Corpus Annotation Graph builder (CAG) is an architectural framework that employs the build-and-annotate pattern for creating a graph.

Geek Repo:Geek Repo

Github PK Tool:Github PK Tool

Improve _edge_definitions

muelldlr opened this issue · comments

Currently, the _edge_definitions specify the collections as strings. To be able to use introspection correctly, it should be possible to specify the class of the collection directly instead. I would make it as a backwards compatible change.

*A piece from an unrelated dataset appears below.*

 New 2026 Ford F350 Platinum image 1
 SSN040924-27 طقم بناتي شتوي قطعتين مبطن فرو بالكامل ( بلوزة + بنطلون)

Example:

class CollectionA(GenericOOSNode):
    _name = "CollectionA"
    _fields = {"value": Field(), "value2": Field(), **GenericOOSNode._fields}


class CollectionB(GenericOOSNode):
    _name = "CollectionB"
    _fields = {"value": Field(), **GenericOOSNode._fields}


class CollectionC(GenericOOSNode):
    _name = "CollectionC"
    _fields = {"value": Field(), **GenericOOSNode._fields}


class HasRelation(GenericEdge):
    _fields = GenericEdge._fields

class SampleGraphCreator(GraphCreatorBase):
    _name = "SampleGraphCreator"
    _description = "Sample Graph"

    _edge_definitions = [
        {
            "relation": "HasRelation",
            "from_collections": [CollectionA],
            "to_collections": [CollectionB],
        },
        {
            "relation": "HasAnotherRelation",
            "from_collections": [CollectionC],
            "to_collections": [CollectionC],
        },
    ]

    def init_graph(self):
        pass

Currently you often see the example with CollectionA._name. Accessing a protected variable in this way also leads to a warning in the IDEs. We should try to be PEP8 compatible if possible.

Furthermore, this change allows a good solution for #24, where I have to introspect _edge_definitions.